Betsy Gidwitx Reports
Report On Jewish Life In Moscow

October, 1999

Ohr Avner is a Moscow-based foundation established in 1993 by Levi Levayev, a Tashkent-born Israeli businessman, in memory of his father, Avner Levayev. Its director is Rabbi Dovid Mondshine. Ohr Avner currently sponsors 28 Jewish day schools, which enroll a total of 5,000 pupils, throughout the post-Soviet states. Nine new Chabad day schools were opened in the fall of 1999: Nizhny Novgorod, Saratov, Yekaterinburg, and Derbent in Russia; Kremenchug, Lugansk, and Odessa in Ukraine; Bobruisk in Belarus; and Almaty in Kazakhstan. The Derbent school in Daghestan may be problematic because the Jewish population there is emigrating due to local political instability, said Rabbi Mondshine. Kidnapping is a danger for many who remain in the region. Rabbi Mondshine observed that the school in Almaty was developed after Levi Levayev invested in Kazakhstan businesses and established good relations with President Nur-sultan Nazarbayev. In fact, President Nazarbayev expressed interest in sending his granddaughter to the school. Chabad leadership suggested to the Kazakh leader that a Muslim child might be more comfortable in another educational setting and the girl enrolled elsewhere.
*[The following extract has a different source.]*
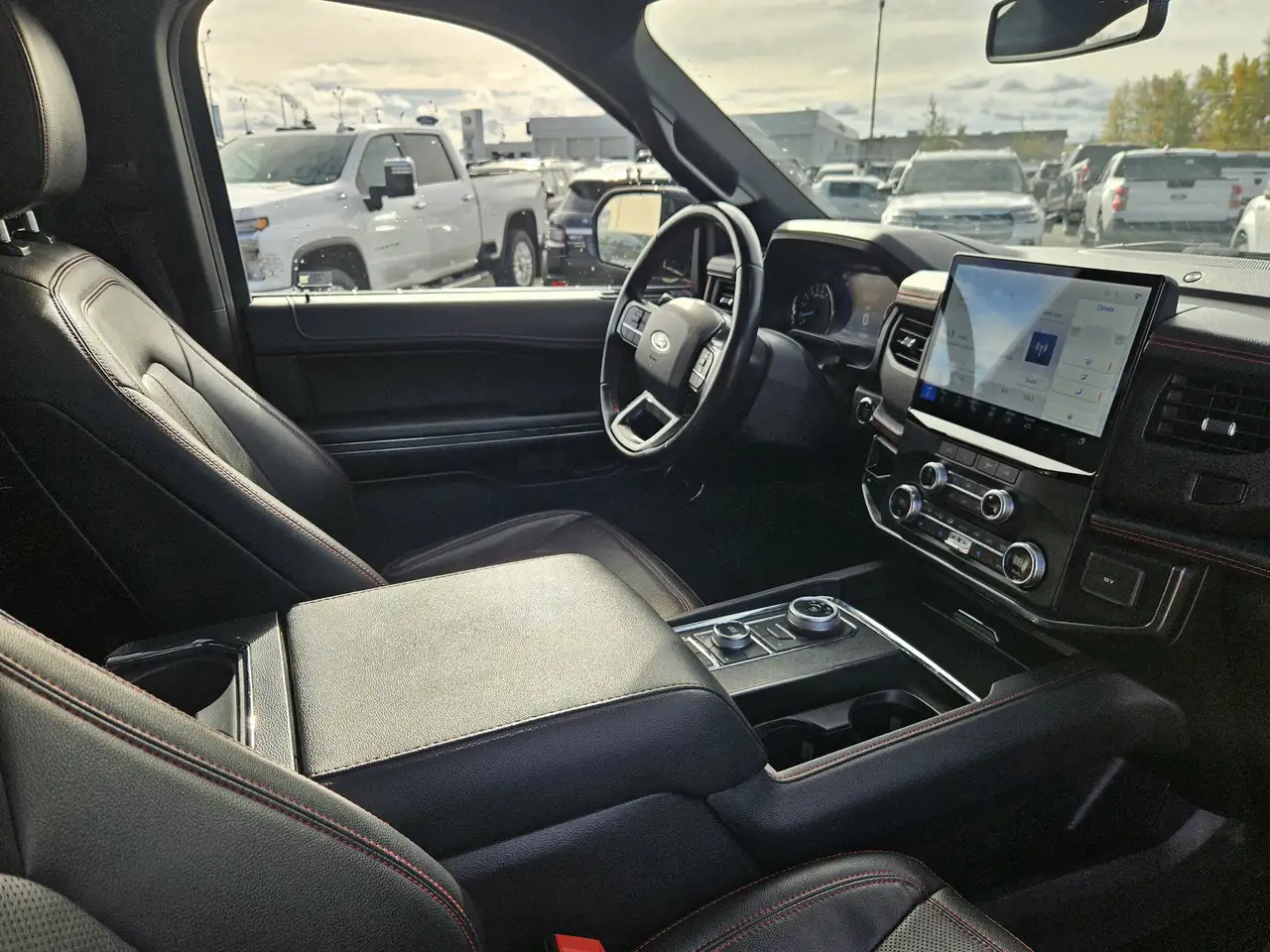 Ford Expedition - Image 33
Levi Levayev speaks at the December 1999 conference of the Federation of Jewish Communities of the C.I.S.
(Photo: Federation of Jewish Communities)


FJC operated 30 summer camp sessions in 1999, each enrolling 50 to 250 youngsters for a three- or four-week period. Over 5,000 youngsters participated in such camps, many recruited because they have no other Jewish experiences in their lives. In many of the larger Jewish population centers, Chabad operates separate sessions for girls and for boys.
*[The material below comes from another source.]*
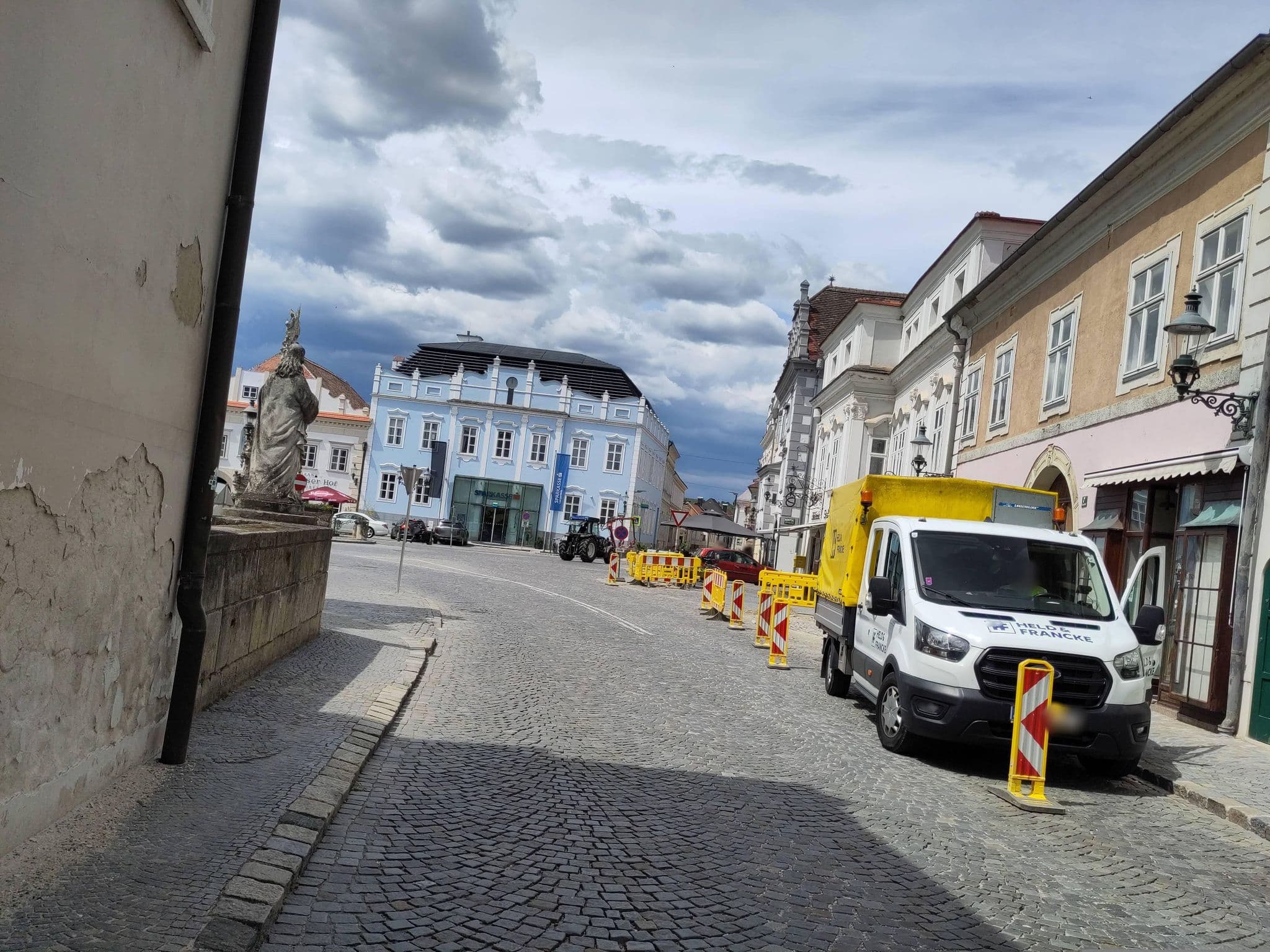 Street view near Sgraffitohaus, Langenlois — © consens_verkehrsplanung (CC BY-SA · Mapillary)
In response to a question, Rabbi Mondshine said that collaborative ventures with other Jewish organizations are the responsibility of individual rabbis in their own regions. Many have established good working relations with JDC, e.g., operating soup kitchens that receive JDC subsidies. The Russian Jewish Congress, he said, has been slow to assist some Chabad activities, but helps with Sunday school programs and with security at Chabad premises in Russia.

A new Chabad venture cited by both Rabbi Mondshine and Rabbi Berel Lazar is a website <>. It is intended that this site, still under development, will be fully interactive and serve an educational function for Jews throughout Russia.

In December, FJC in Russia held a conference in Moscow, attracting 200 lay and rabbinic delegates from throughout the country. Prime Minister (and Presidential candidate) Vladimir Putin addressed the group, promising assistance in combating antisemitism, developing schools, and reclaiming former synagogue buildings for use by contemporary Jewish communities.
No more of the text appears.